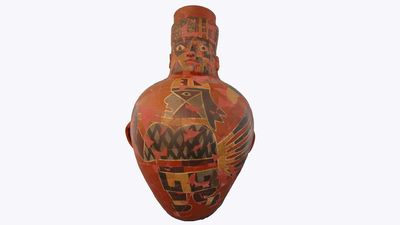 Psychedelic beer may have helped pre-Inca empire in Peru schmooze elite outsiders and consolidate power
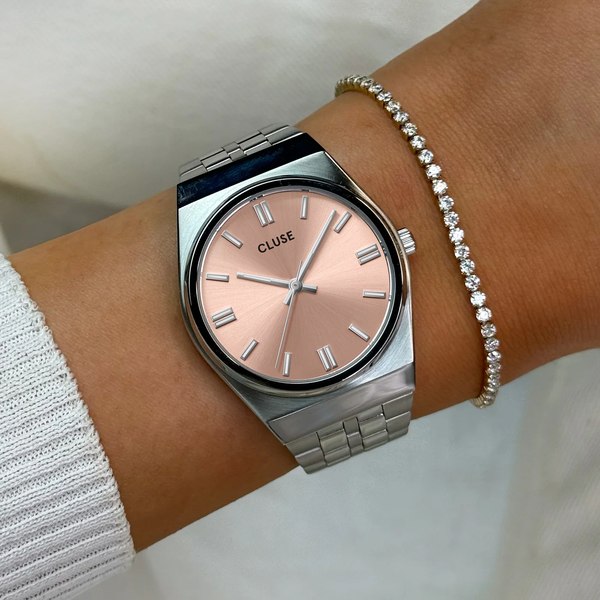 Часы наручные женские Cluse CW35101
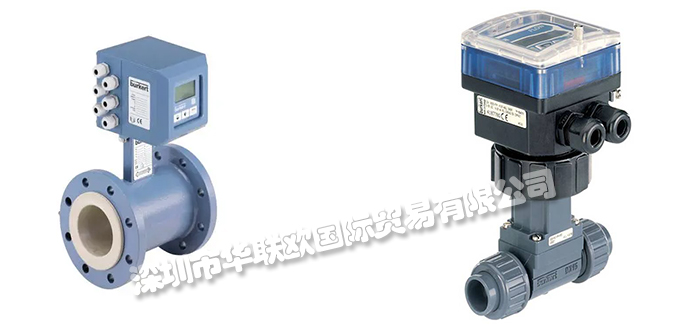 德國寶德BURKERT流量計(BURKERT流量計說明書)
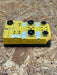 ABB/Jokab Safety – 2TLA020072R0200 (URAX‑B1R) – AS‑i Safe Input Slave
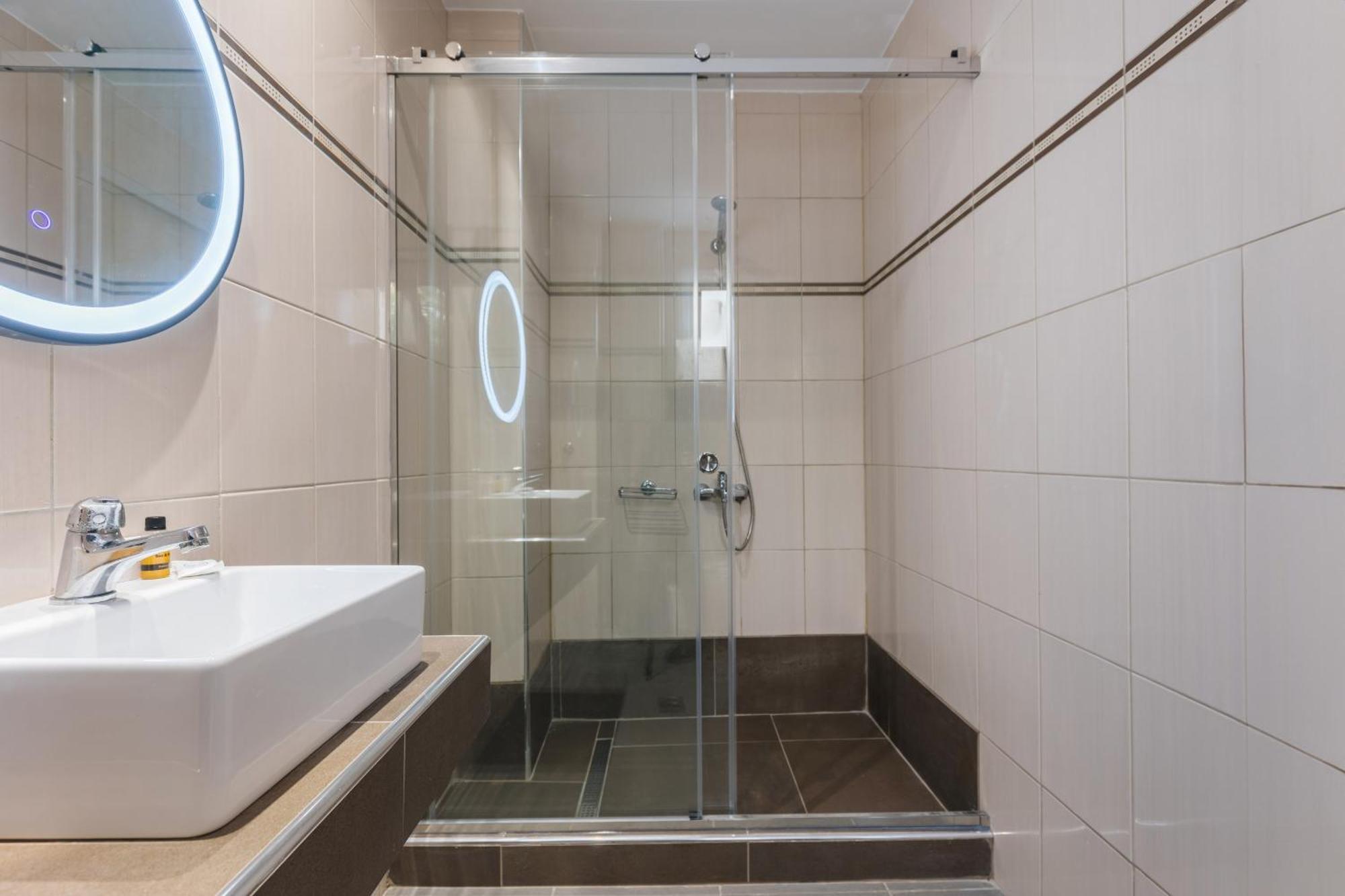 Yakinthos Hotel Laganas Dış mekan fotoğraf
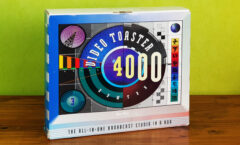 Video Toaster 4000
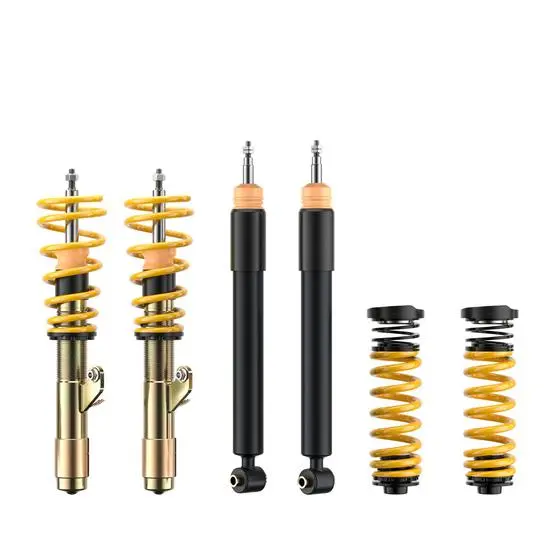 St Xa Coilover Kit Bmw F22 Coupe, F30 Sedan, F32 Coupe; 2Wd, With Edc 1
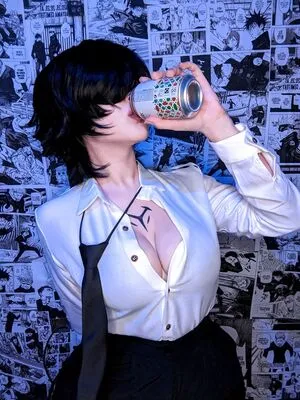 Ehyra OnlyFans Leaked Free Thumbnail Picture - #RhGP2USJrY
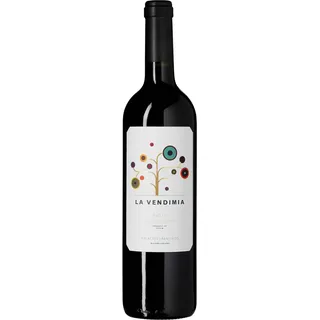 Palacios Rioja La Vendimia DOC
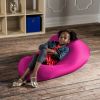 Nimbus Spandex Bean Bag Chair, Small
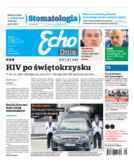 Echo Dnia wyd. Kielce
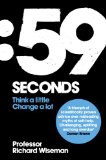 59 seconds by Richard Wiseman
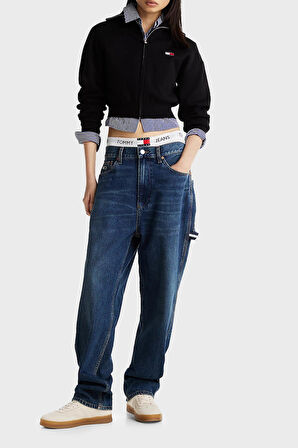 Tommy Jeans Bayan Ayakkabı EN0EN02696 ACG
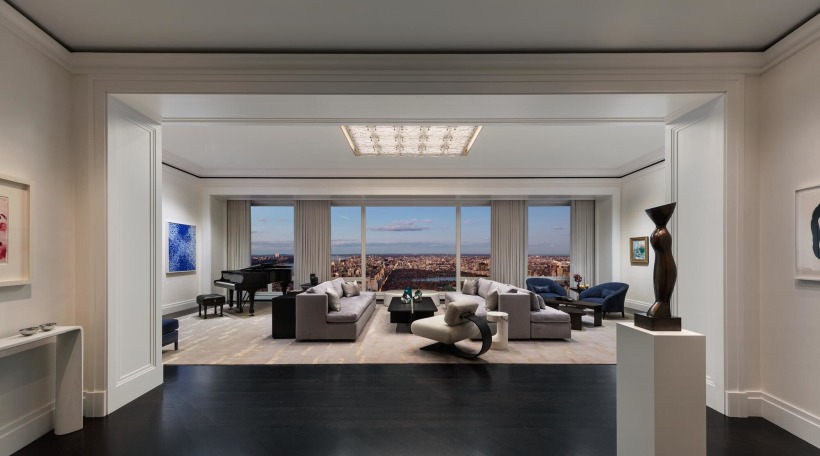 Parkside Apartment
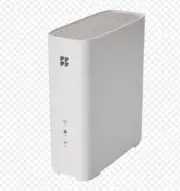 Google Fiber GFiber GR6EXXOC Wi-Fi 6E Router - Never opened!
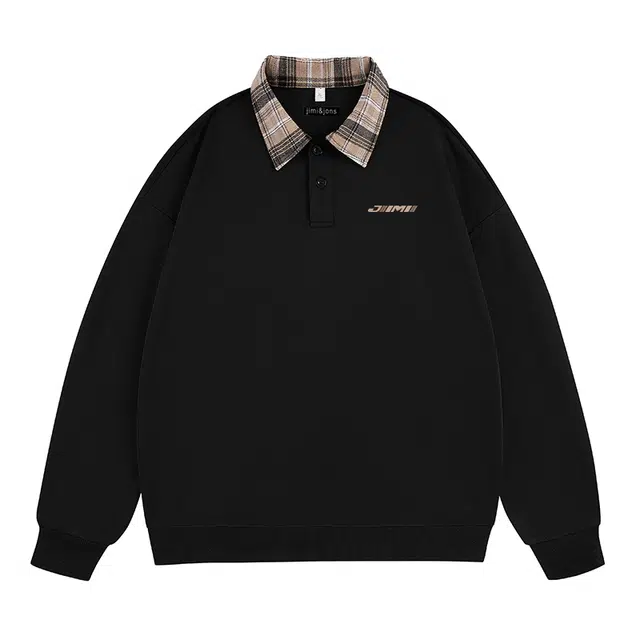 JIMIJONS LogoPOLO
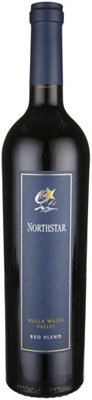 Buy Northstar Red Blend Walla Walla Valley 2017 750ML Online -Craft City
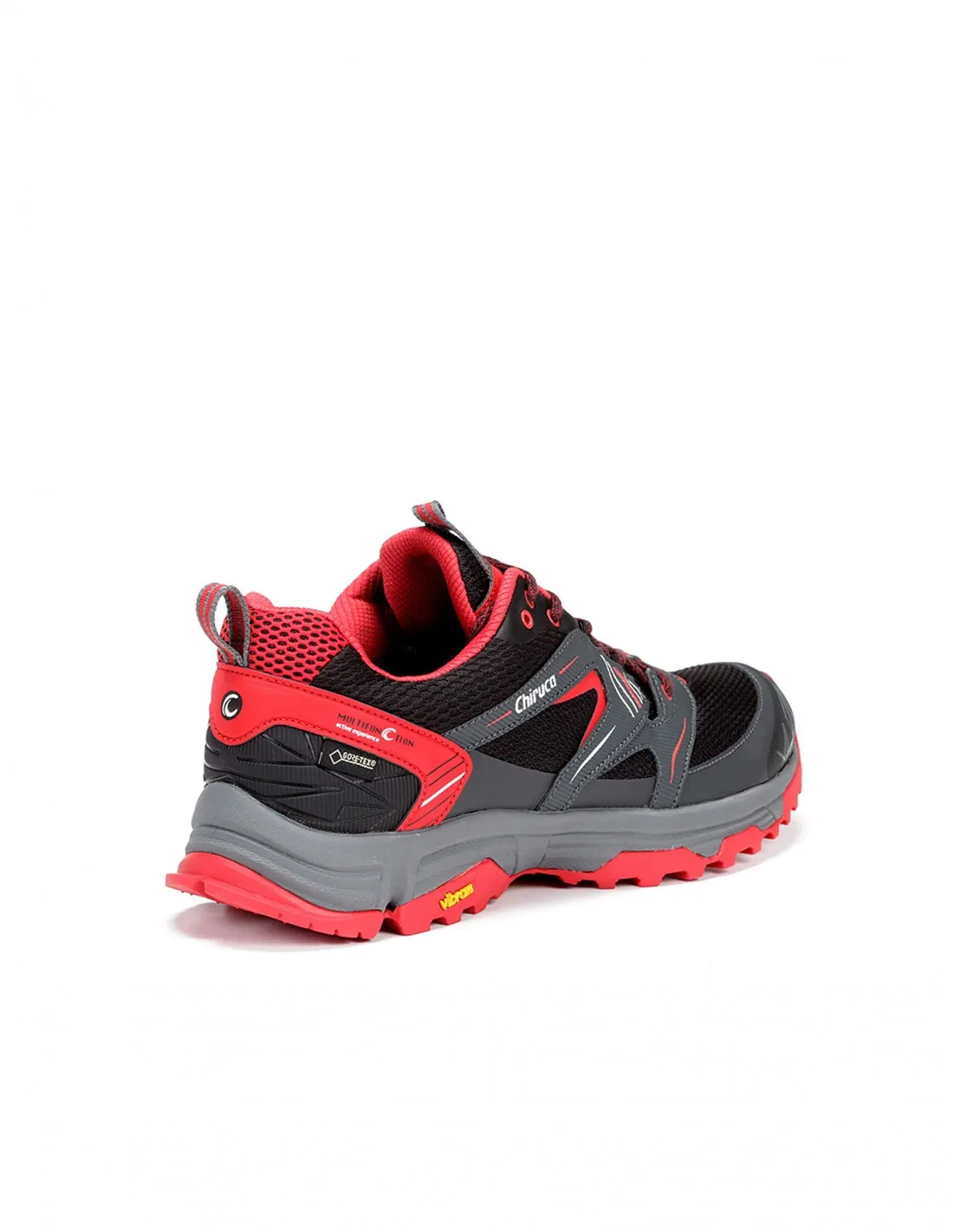 ZAPATILLAS DE MONTAñA GORETEX CHIRUCA MAUI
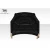 2006-2013 Chevrolet Impala Stingray Z Hood- 1 Piece - image 9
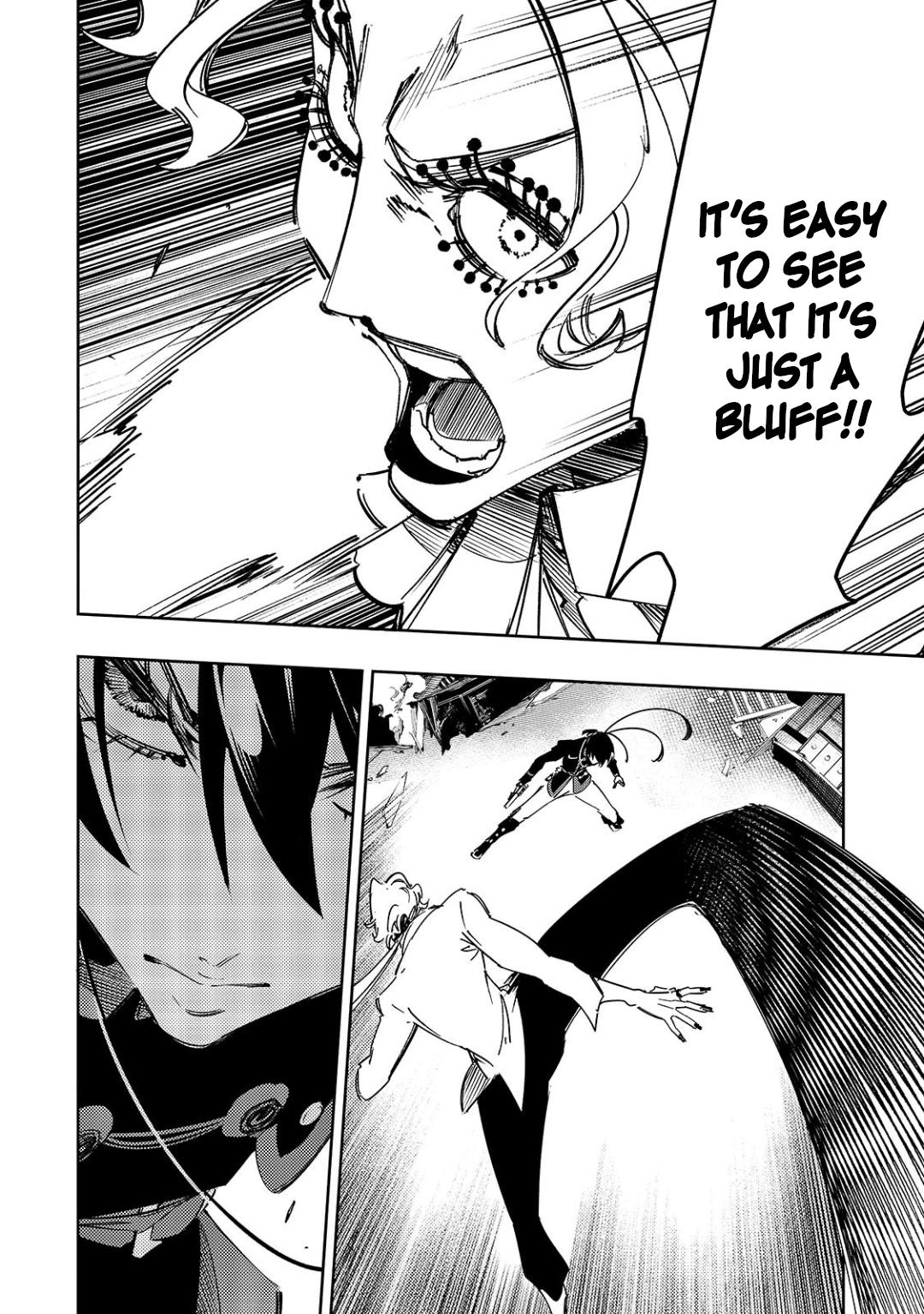 Saikyou no Shienshoku Wajutsushi de Aru Ore wa Sekai Saikyou Clan wo Shitagaeru Chap 56 - Next Chap 57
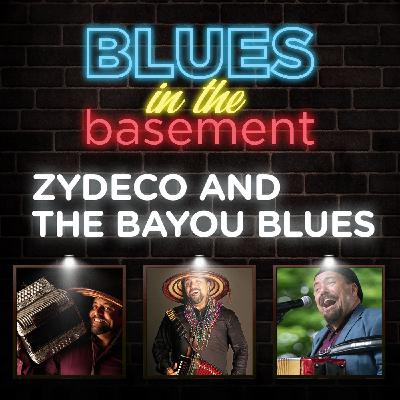 Zydeco and The Bayou Blues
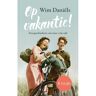 Vbk Media Op Vakantie! - Wim Daniëls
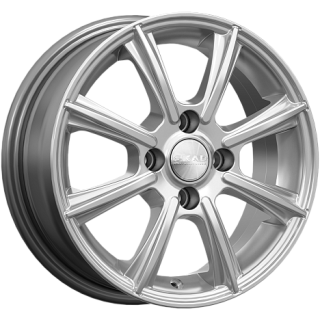 Диск литой СКАД Монако 14x5.5J/4x98 D58.6 ET38 Селена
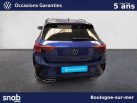 VOLKSWAGEN T-Roc 1.5 TSI EVO 150 Start/Stop BVM6 R-Line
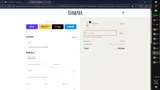 BEAUTY coupon verification screenshot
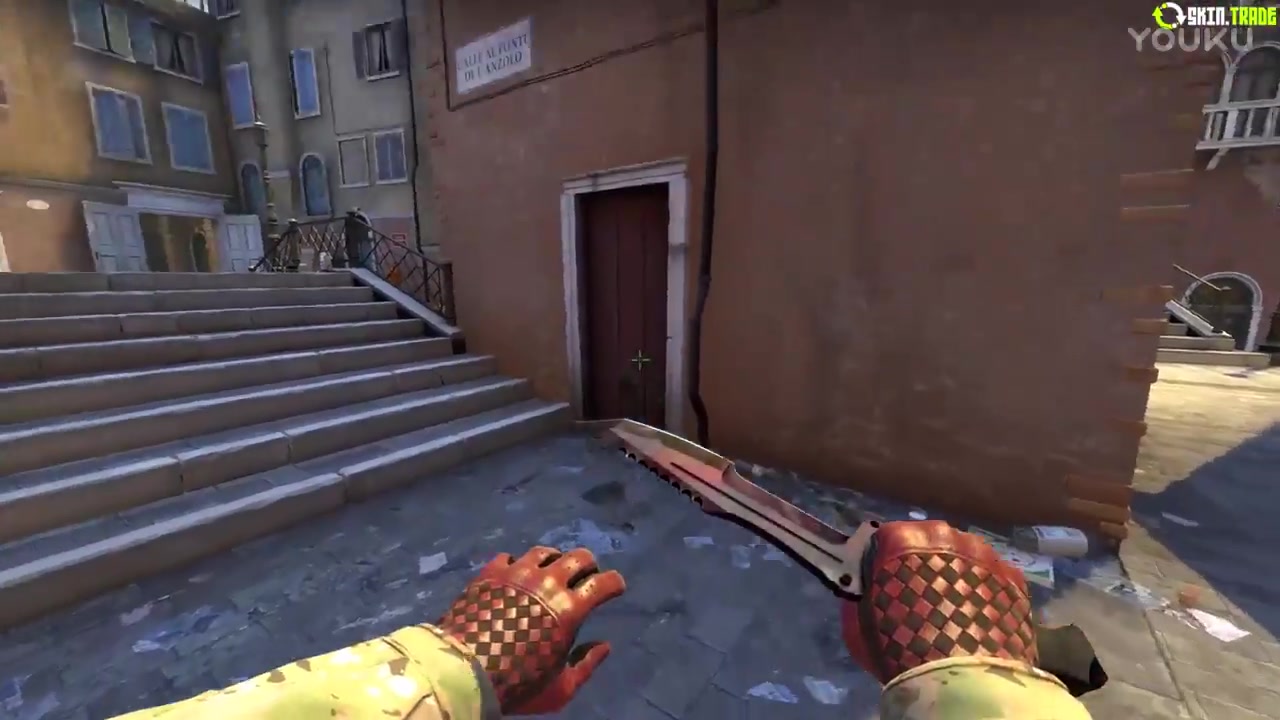 【csgo】新箱子刀一览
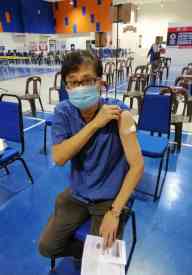 Covid-19 Vaccination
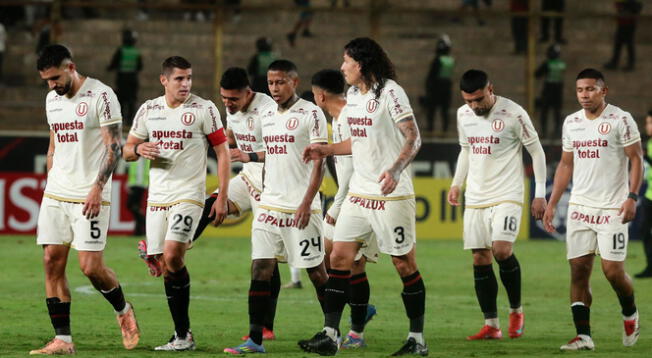 Prensa ecuatoriana se pronunció sobre el triunfo de Universitario Prensa ecuatoriana se pronunció sobre el triunfo de Universitario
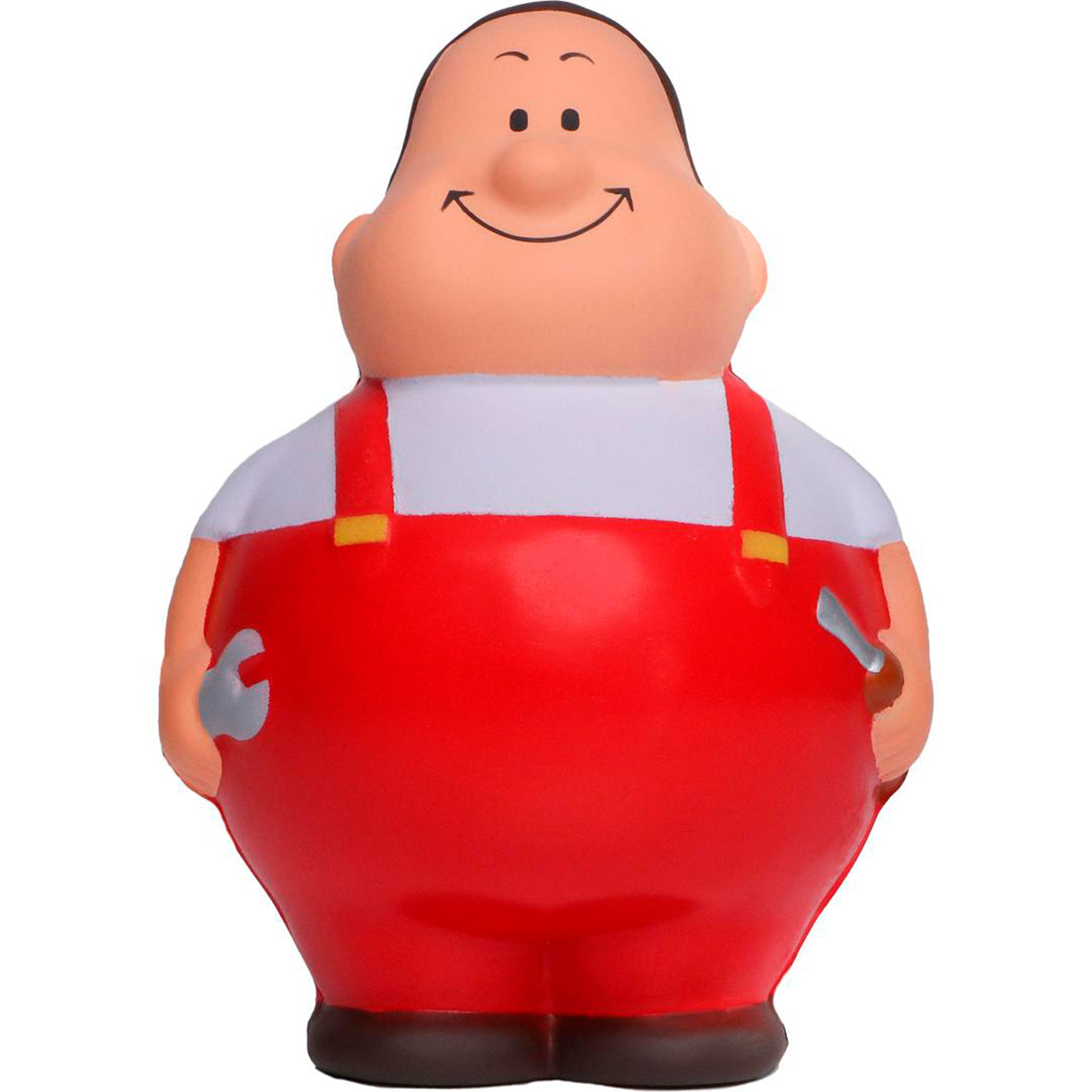 Antistressball "Schrauber Bert"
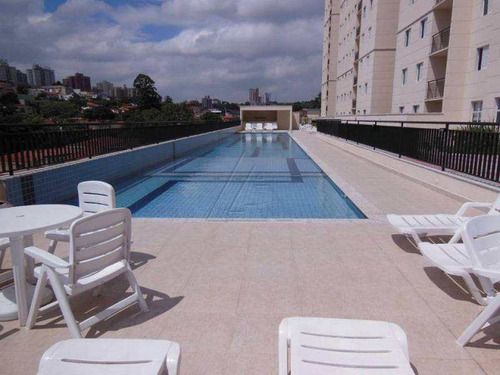Imagem 16 de 30 de Apartamento Com 3 Dorms, Jardim Monte Kemel, São Paulo - R$ 485 Mil, Cod: 4348 - V4348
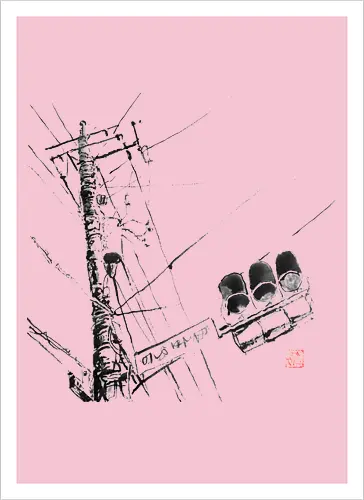 tokyo wires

DIRECTIONS FOR THIS TASK =>
Range to copy from the records above: the line containing "Google Fiber GFiber" to the line containing "de Universitario Prensa", both included. Output those lines exactly and only those, skipping pictures.

WORKED SOLUTION =>
 Google Fiber GFiber GR6EXXOC Wi-Fi 6E Router - Never opened!
 JIMIJONS LogoPOLO
 Buy Northstar Red Blend Walla Walla Valley 2017 750ML Online -Craft City
 ZAPATILLAS DE MONTAñA GORETEX CHIRUCA MAUI
 2006-2013 Chevrolet Impala Stingray Z Hood- 1 Piece - image 9
 Saikyou no Shienshoku Wajutsushi de Aru Ore wa Sekai Saikyou Clan wo Shitagaeru Chap 56 - Next Chap 57
 Zydeco and The Bayou Blues
 Vbk Media Op Vakantie! - Wim Daniëls
 Диск литой СКАД Монако 14x5.5J/4x98 D58.6 ET38 Селена
 VOLKSWAGEN T-Roc 1.5 TSI EVO 150 Start/Stop BVM6 R-Line
 BEAUTY coupon verification screenshot
 【csgo】新箱子刀一览
 Covid-19 Vaccination
 Prensa ecuatoriana se pronunció sobre el triunfo de Universitario Prensa ecuatoriana se pronunció sobre el triunfo de Universitario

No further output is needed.